Description of problem: When adjtime() (i.e. adjtimex in SINGLESHOT mode) is called with offset smaller than 1000us, the clock is not adjusted. Version-Release number of selected component (if applicable): kernel-2.6.9-55.EL.ppc64 How reproducible: Always Steps to Reproduce: 1. gcc -x c - <<EOF #include <stdio.h> #include <sys/time.h> #include <sys/timex.h> #include <unistd.h> #include <string.h> int main() { struct timeval tv, otv; long usecs; while (1) { struct timex t; gettimeofday(&tv, NULL); usleep(1000000 - tv.tv_usec % 1000000); memset(&t, 0, sizeof (t)); t.modes = ADJ_OFFSET_SINGLESHOT; t.offset = 999; if (adjtimex(&t) >= 0) printf("%d\n", t.offset); } return 0; } EOF 2. ./a.out & 3. compare system time with a reference (e.g. ntpdate -q) Actual results: No adjustment. Expected results: Time adjusted. Additional info: This is blocking bug #431728, where ntpd in -x mode should be fixed to use only adjtime() instead of switching between adjtimex() and adjtime().
------- Comment From mjwolf.com 2008-04-07 11:51 EDT------- No, I haven't seen this error before. I have added some team members to the cc list to see if they recognize this error. ------- Comment From mjwolf.com 2008-04-07 11:56 EDT------- Also I'm a little confused here, the kernel version is listed as kernel-2.6.9-55.EL.ppc64. That is a rhel4u5 kernel. I guess I expected that the kernel version would have been -67 (rhel4u6) or a newer one for the upcoming rhel4u7. Can someone clarify if this problem is being seen on the newer kernels?
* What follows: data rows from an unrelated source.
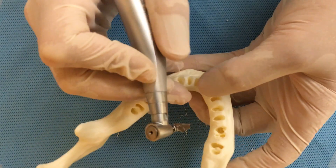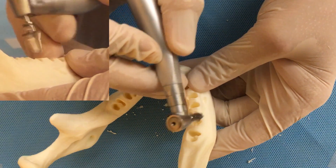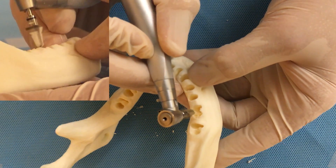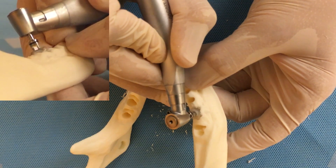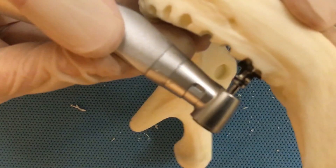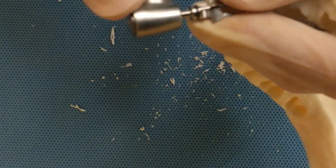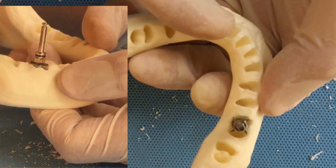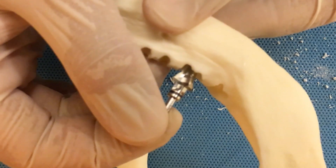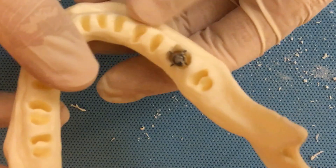Drilling speed for the countersink: 1200 RPM and very little pressure. If we apply too much pressure, the countersink is going to bounce too much — so very little pressure at 1200 RPM. Once done with the osteotomy, the countersink should sit at the correct depth when placed into the bone. If the countersink is too high, you must drill deeper. This is the ideal positioning of the countersink once you are done with the osteotomy.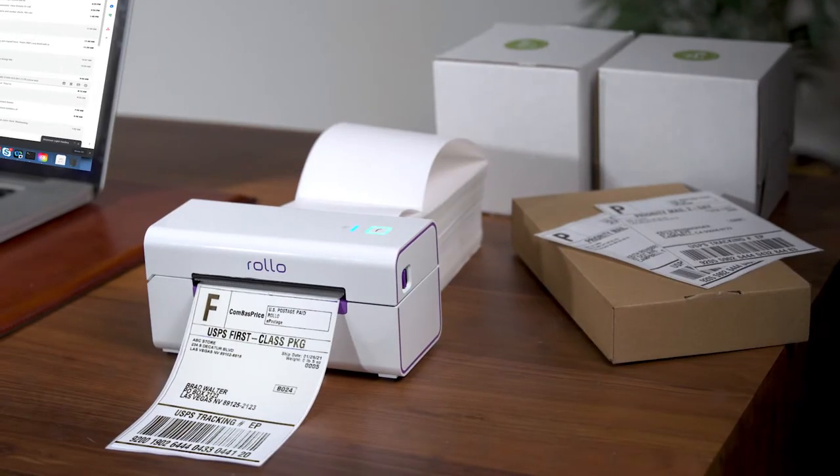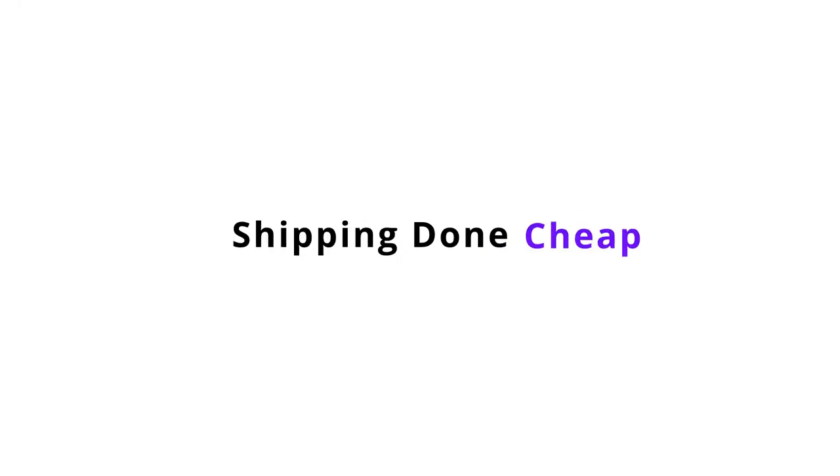Hi there! This will be a brief introduction video for Rolo and a quick overview of how it works. Rolo gives you everything you need to make shipping and printing easy, save you time, and save you money.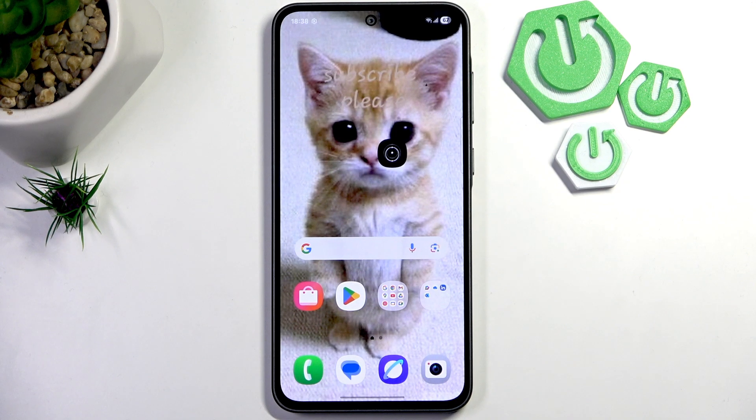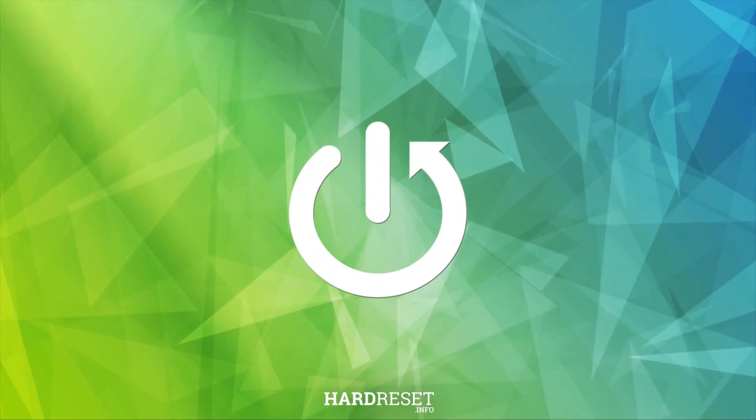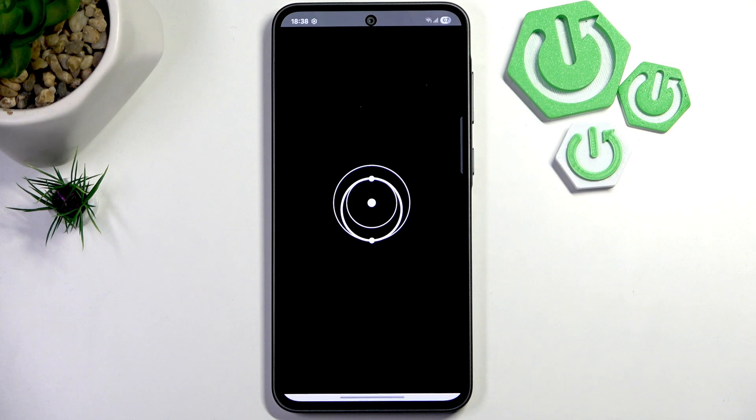Hello everybody, welcome back to Hard Reset Info channel. Today I'll show you how you can easily align your Starlink. First, what you guys gotta do is open up the Starlink app on your device.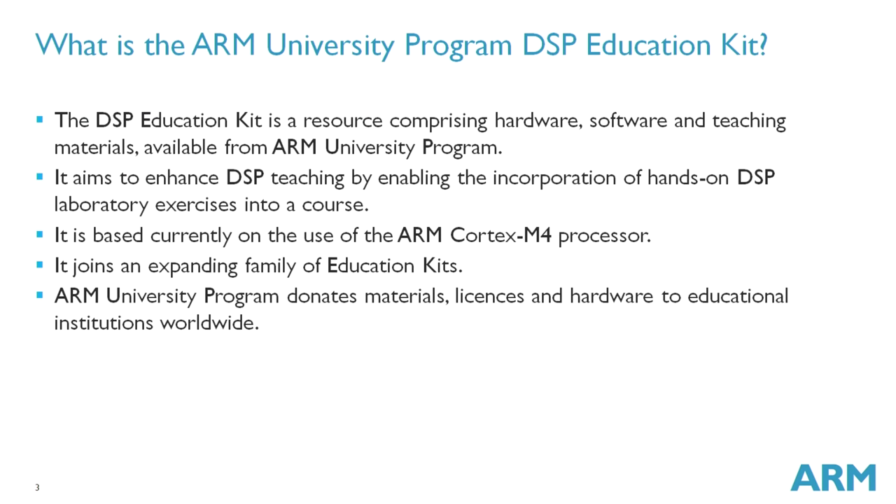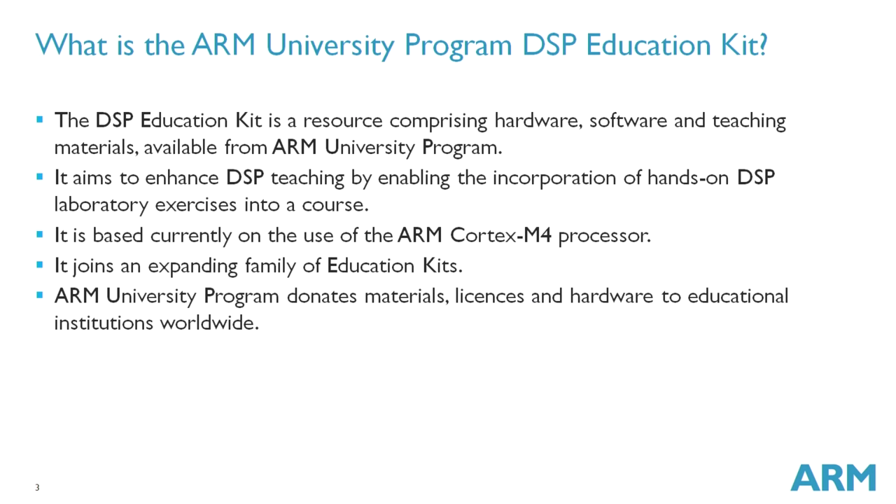So, what is the DSP Education Kit? Basically, it's a resource comprising hardware, software and teaching materials — that is lecture slides, example programs that you can run on a microcontroller, and laboratory instructions that you can incorporate into your teaching. These are all available from the Arm University Programme. The aim is that the DSP Education Kit can enhance the teaching of DSP by incorporating hands-on experiments into a course. Currently, these experiments make use of Arm Cortex-M4 processors.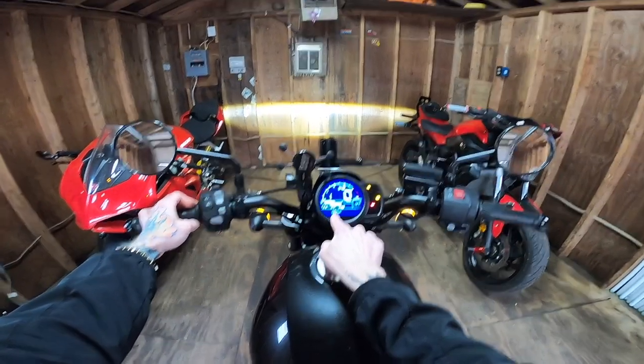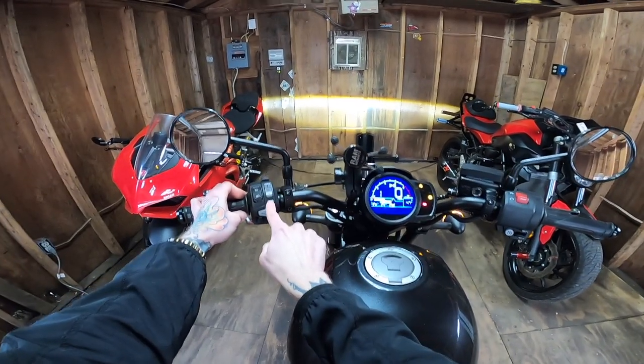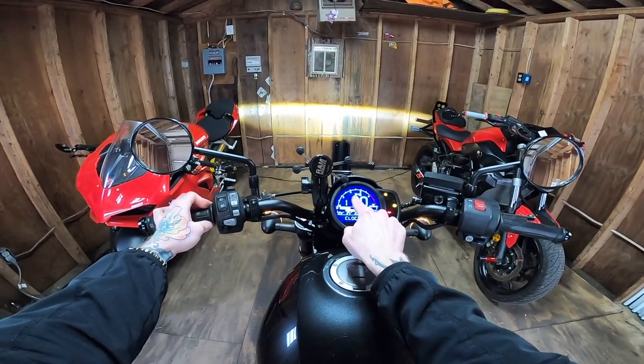You'll see that start flashing 12 hour. That's where you can change from a 12 hour clock to a 24 hour clock. I prefer the 12 hour clock, so I'm going to hit mode. You'll see the hour start flashing.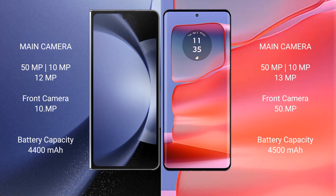Samsung Galaxy Z Fold 6 packs a 4400mAh battery with 45W fast charging support. Motorola H50 Pro packs a 4500mAh battery with 125W fast charging support.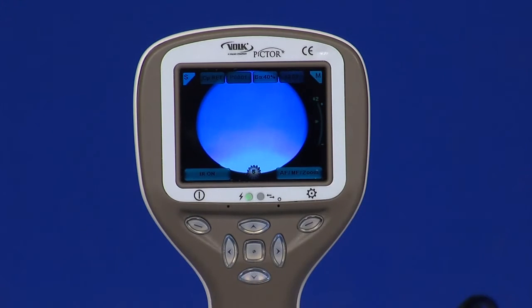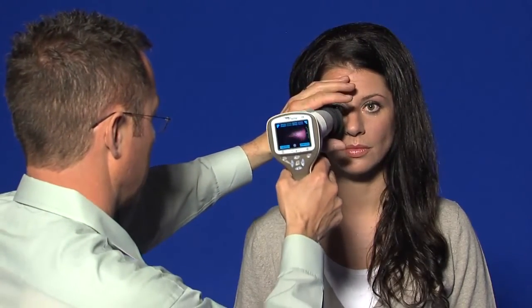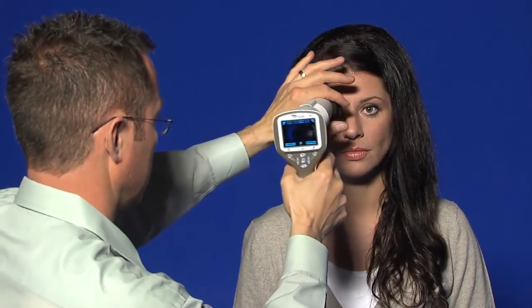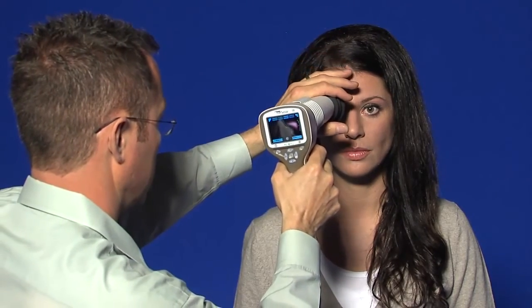Infrared intensity used for targeting can be adjusted from the menu. Setting the infrared to high is recommended. The camera is stabilized by keeping the outer side of the hand against the patient's forehead. If adjustment is needed, it is recommended to use the hand closest to the forehead to adjust the module.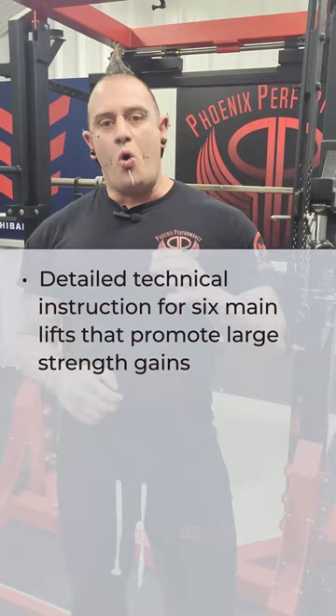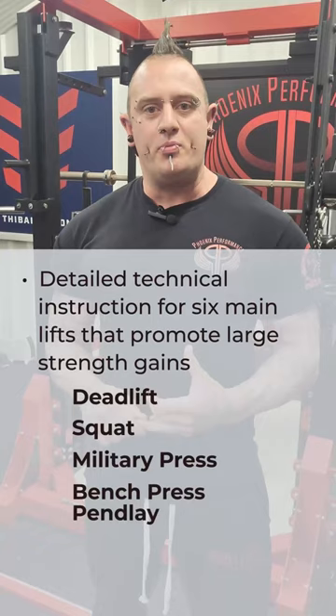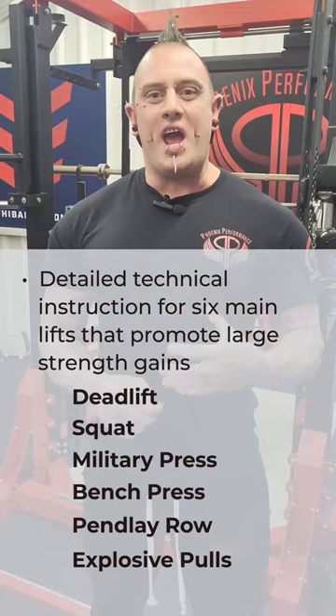We also do an entire section of the book on the technical aspects of all the lifts that are involved. All the main lifts have their own chapter in terms of how we want you to set up and how we want them performed — in terms of the posture and alignment, the bar path, all those types of things — to make sure that you are getting the most out of the exercises that you're performing.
kernel-2.6.9-67.0.7.EL.ppc64 has the same problem.
Created attachment 301757 [details] Fix detection of need for time adjustment. When making the adjtimex() system call in ADJ_OFFSET_SINGLESHOT, we fail to correctly detect that time needs to be adjusted. This patch checks the current time step at the begining of a decrementer tick and adjusts the varisou time paramenters to cope with the requested change in ttime. When we have successfully adjusted time as requested revert to the "stable" values. Fixes both the 32-bit (compat) and 64-bit cases.
Created attachment 301758 [details] Fix detection of need for time adjustment. v2 When making the adjtimex() system call in ADJ_OFFSET_SINGLESHOT, we fail to correctly detect that time needs to be adjusted. This patch checks the current time step at the begining of a decrementer tick and adjusts the various timeing paramenters to cope with the requested change in time. When we have successfully adjusted time as requested revert to the "stable" values. Fixes both the 32-bit (compat) and 64-bit cases. Previous version had a DEBUG #define enabled by mistake. Can we get the original reported to test?
With this patch applied it seems to work well.
------- Comment From tbreeds.com 2008-04-09 19:41 EDT------- (In reply to comment #9) > ------- Comment From mlichvar 2008-04-09 12:39 EST------- > With this patch applied it seems to work well. Okay I'll update this to submitted for inclusion by RHEL
Unfortunately the patch breaks ntpd running without -x option, clock frequency offset is adjusted, but it doesn't have any effect.
We are past code freeze and I do not see a patch proposed to resolve this issue as an exception. Radek you may want to consider reverting the ntp changes for R4.7.
------- Comment From mjwolf.com 2008-05-09 15:22 EDT------- Is RedHat still looking for a patch for this problem. I'm confused by the comment above: "------- Comment From peterm 2008-04-22 15:58 EST------- We are past code freeze and I do not see a patch proposed to resolve this issue as an exception. Radek you may want to consider reverting the ntp changes for R4.7."
------- Comment From mjwolf.com 2008-07-01 15:47 EDT------- reopening this bug and marking as NEEDINFO. Would RedHat like us to look at this for RHEL4u8?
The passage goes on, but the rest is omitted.